Jaimon's Blog

An Excel Addin to work with Unicode CSV files

Excel treat .csv files as text files and will replace all Unicode characters with “?” when saved normally. If you want to preserve the Unicode characters, you would need to save the file as “Unicode text (*.txt)”, which is a Tab delimited file. Since I couldn’t find any existing solution to preserve Unicode characters in CSV format, I thought I’ll give it a go in creating an Excel Addin to do just that.

Installing the Addin

If you want to try this on your Excel 2007 or 2010, please download http://blog.jaimon.co.uk/UnicodeCSV/setupfiles.zip and extract the files to a folder before running setup.exe.


****Update****

Some of the readers have experienced issues with this installation file on some machines. For a successful installation,

  • Please make sure to install this as Local admin user
  • If setup.exe doesn’t work for some reason try running the UnicodeCSVAddin.vsto file
(Many thanks to our reader Sean for pointing this out)

Once the Addin is installed, it will look out for any CSV file being opened. If you’re opening an existing Unicode CSV file, this Addin will override the current saving method (either by pressing Ctrl-S, or clicking on any of the Save buttons/options from the Ribbon or menu) and will always save as a Unicode file.

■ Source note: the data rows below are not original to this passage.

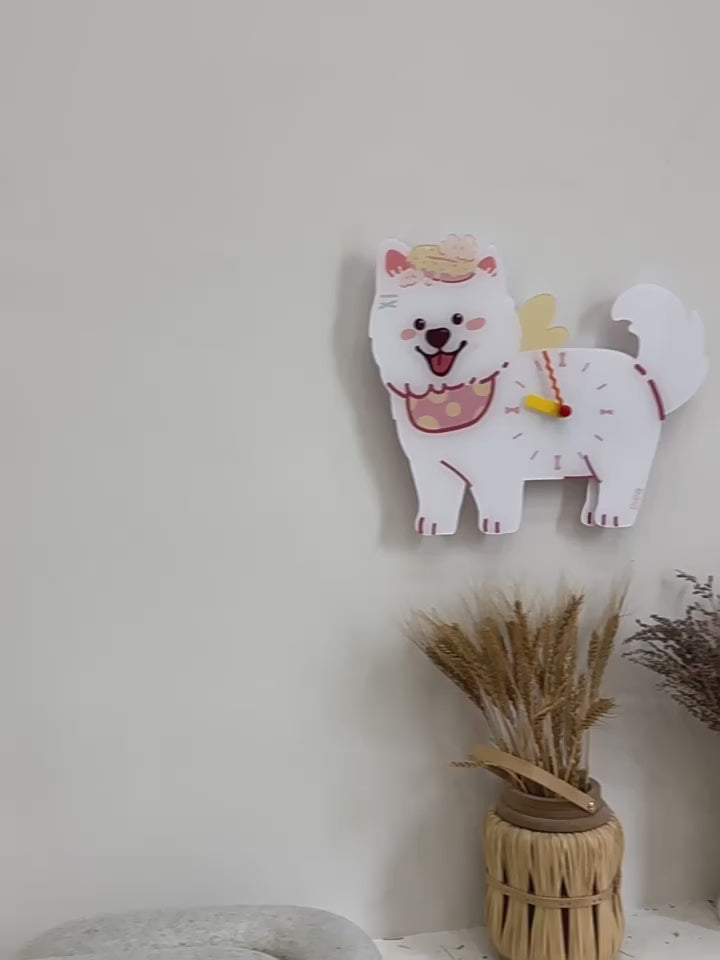 Samoyed Wall Clock samoyed wall clock product video product media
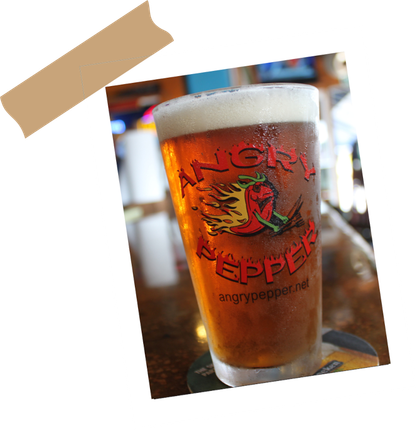 Photo of draft beer in an Angry Pepper pint glass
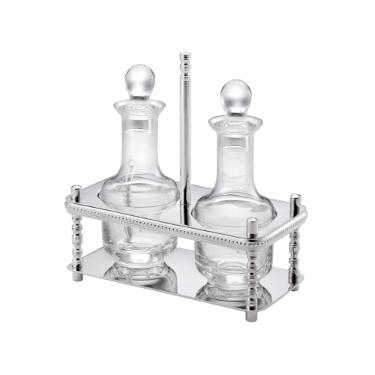 Galheteiro St. James P�rola com 3 pe�as - Banho de Prata e Cristal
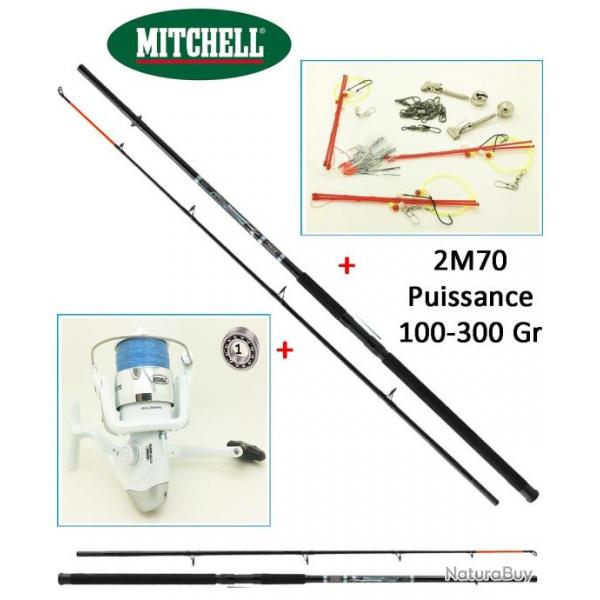 Pack bateau Mitchell Pro 2M70 100/300gr + Moulinet Mitchell garni + Accessoires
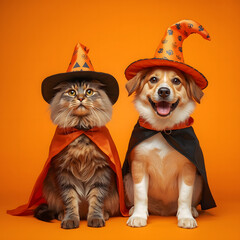 Spirited Halloween Duo: A cat and a dog are adorned in festive Halloween attire, sitting side-by-side against a vibrant orange backdrop, ready to celebrate the spookiest time of the year.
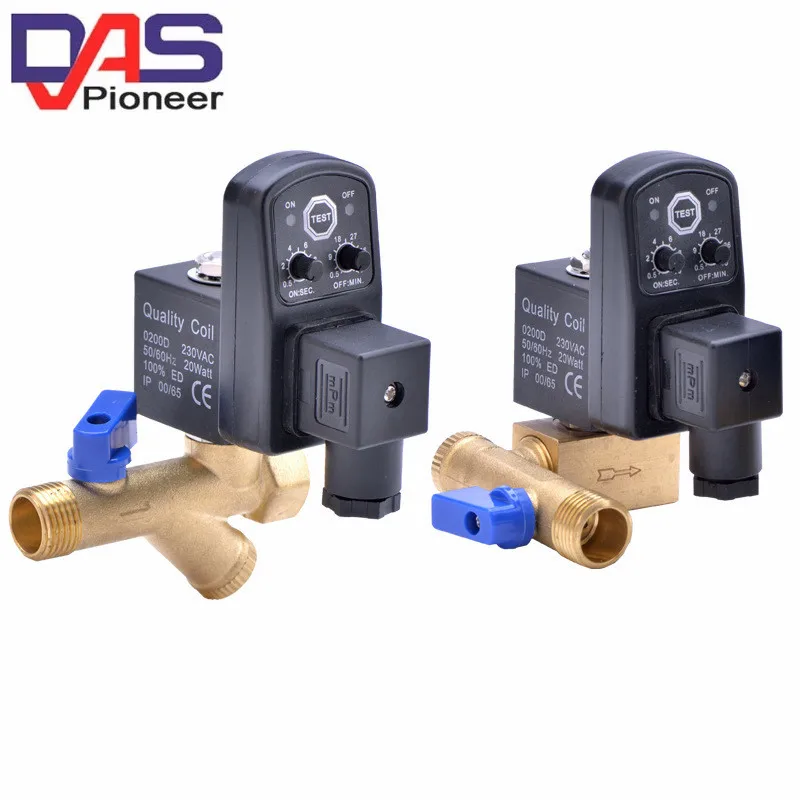 1/2 Electronic Automatic Drain Valve Air Compressor Filter Eectromechanical Magnetic  Drainer  Valve 220v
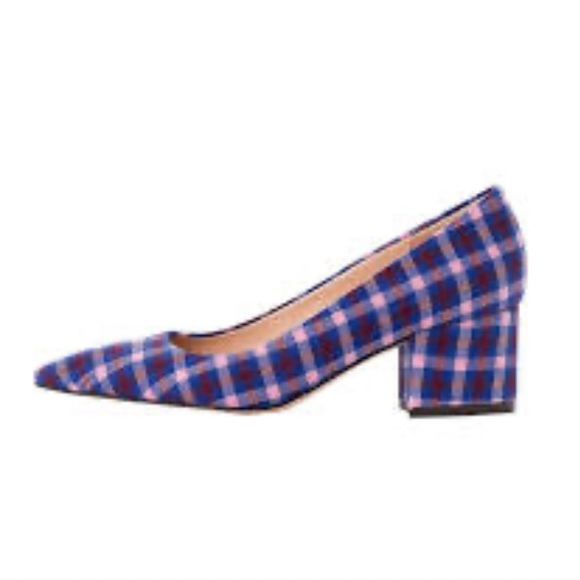 NWT Jcrew pointed block heel pumps in plaid - Picture 10 of 14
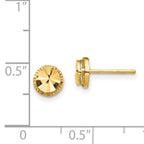 14K Diamond-Cut Round Post Earrings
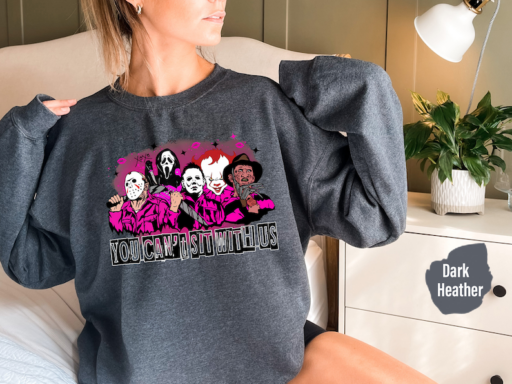 You Can't Sit With Us Sweatshirt, Horror Movie Halloween Shirt, Halloween Horror Movie Hoodie, Scary Movie Halloween Crewneck, Witches -HC70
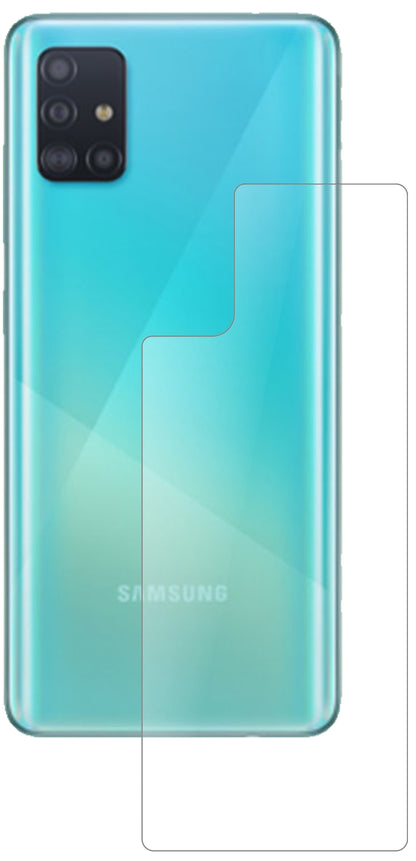 SamsungGalaxy A51 5G Rückseite mit aufgebrachter dipos Panzerfolie, die lästige Fingerabdrücke minimiert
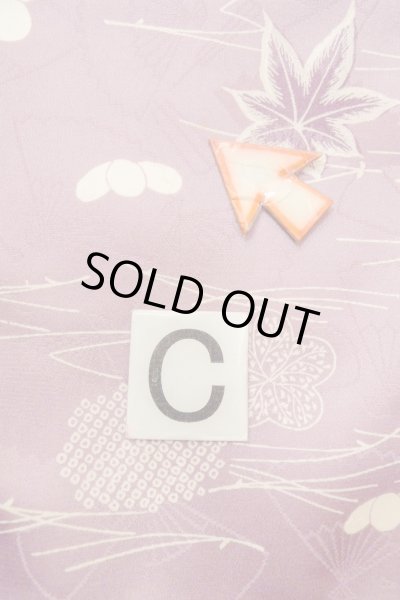 Photo16: O1002D Vintage Japanese kimono Wisteria KOMON dyed for women / Synthetic. Chrysanthemum (Grade C) (16)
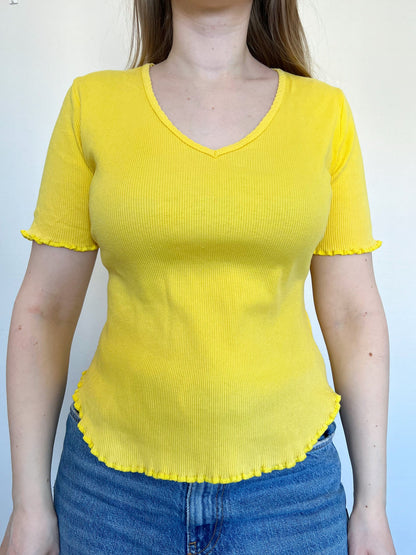 Yellow ribbed t-shirt, Size L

But if you are creating a new file and want to save that as a Unicode csv file, then choose the Save or SaveAs option from the newly created Ribbon item “Unicode CSV”.

When clicking on Save from “Unicode CSV” Ribbon, it will make sure the file extension is .csv, if not it will prompt you to select another file name. Once a file is saved this way, then you don’t need to use the “Unicode CSV” Ribbon item any more, just save as you do normally.

How does it work?

As Excel can handle Unicode text (*.txt) files perfectly well, I’m relying on that to make this Addin work. On save, this Addin will be calling Excel’s SaveAs method to create a temporary Unicode Text file. It will then overwrite the original file by replacing all Tabs with comma and reload it. As it is a CSV file, Excel doesn’t preserve any column width adjustments or last active cell. Currently this Addin will reset the last active cell, and I think it should be pretty straightforward to reset column widths as well, if you wish to do so.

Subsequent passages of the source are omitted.